Exercise instructions =>
Your answer must be an exact transcription of the lines from the line with "REVOLUCIÓN MÉDICA: DESARROLLAN" through the final line of the data.

Dataset excerpts =>
- - - -
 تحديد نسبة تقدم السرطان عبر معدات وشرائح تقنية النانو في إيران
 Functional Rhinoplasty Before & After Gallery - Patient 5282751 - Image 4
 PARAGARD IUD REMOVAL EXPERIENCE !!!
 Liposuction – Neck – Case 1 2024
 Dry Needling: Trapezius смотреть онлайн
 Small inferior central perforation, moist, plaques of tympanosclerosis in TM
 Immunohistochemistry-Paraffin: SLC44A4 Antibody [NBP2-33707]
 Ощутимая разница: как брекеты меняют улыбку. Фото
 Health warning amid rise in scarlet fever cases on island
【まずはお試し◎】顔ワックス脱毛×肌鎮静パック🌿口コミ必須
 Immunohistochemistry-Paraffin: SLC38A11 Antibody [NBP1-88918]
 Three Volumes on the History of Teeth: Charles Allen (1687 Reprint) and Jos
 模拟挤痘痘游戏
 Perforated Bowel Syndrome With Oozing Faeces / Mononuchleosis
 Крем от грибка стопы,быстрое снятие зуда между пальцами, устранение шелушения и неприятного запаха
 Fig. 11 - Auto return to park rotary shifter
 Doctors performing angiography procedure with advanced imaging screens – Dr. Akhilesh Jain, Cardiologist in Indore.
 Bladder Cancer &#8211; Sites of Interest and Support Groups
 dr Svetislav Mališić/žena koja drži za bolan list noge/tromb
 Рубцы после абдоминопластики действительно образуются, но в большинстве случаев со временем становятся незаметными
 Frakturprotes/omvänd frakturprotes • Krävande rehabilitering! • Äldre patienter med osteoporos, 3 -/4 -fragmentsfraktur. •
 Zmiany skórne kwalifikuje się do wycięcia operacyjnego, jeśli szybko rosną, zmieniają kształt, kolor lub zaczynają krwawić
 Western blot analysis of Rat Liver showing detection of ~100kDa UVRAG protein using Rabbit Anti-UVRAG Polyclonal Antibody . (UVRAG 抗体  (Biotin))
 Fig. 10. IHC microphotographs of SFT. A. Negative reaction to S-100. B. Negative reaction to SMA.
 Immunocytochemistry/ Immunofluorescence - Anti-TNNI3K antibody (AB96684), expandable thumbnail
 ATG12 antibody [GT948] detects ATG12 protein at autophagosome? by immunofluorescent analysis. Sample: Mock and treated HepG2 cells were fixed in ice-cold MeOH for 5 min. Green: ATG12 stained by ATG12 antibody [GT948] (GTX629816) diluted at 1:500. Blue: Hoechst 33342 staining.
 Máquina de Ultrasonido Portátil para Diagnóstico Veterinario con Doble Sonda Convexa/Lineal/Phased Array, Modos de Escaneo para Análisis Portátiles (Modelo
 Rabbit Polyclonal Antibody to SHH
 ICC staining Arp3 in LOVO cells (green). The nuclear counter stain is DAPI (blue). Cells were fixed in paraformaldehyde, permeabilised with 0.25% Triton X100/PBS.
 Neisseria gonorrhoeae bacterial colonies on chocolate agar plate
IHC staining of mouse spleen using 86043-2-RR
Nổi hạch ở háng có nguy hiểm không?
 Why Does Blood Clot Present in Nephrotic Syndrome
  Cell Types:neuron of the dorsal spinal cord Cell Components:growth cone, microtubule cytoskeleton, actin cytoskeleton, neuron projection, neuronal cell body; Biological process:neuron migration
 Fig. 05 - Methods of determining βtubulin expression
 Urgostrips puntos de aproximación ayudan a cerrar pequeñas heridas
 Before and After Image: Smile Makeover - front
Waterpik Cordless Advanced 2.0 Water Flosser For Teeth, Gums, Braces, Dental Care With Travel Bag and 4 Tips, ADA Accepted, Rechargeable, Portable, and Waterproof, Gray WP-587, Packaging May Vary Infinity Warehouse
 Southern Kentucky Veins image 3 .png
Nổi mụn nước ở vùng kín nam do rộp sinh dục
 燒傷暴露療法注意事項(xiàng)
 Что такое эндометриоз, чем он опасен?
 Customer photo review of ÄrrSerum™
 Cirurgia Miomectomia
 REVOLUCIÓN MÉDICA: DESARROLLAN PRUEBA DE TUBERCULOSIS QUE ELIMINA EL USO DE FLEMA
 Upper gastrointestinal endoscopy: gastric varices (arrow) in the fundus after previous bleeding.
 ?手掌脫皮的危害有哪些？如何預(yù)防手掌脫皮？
- - - -
Finished task =>
 REVOLUCIÓN MÉDICA: DESARROLLAN PRUEBA DE TUBERCULOSIS QUE ELIMINA EL USO DE FLEMA
 Upper gastrointestinal endoscopy: gastric varices (arrow) in the fundus after previous bleeding.
 ?手掌脫皮的危害有哪些？如何預(yù)防手掌脫皮？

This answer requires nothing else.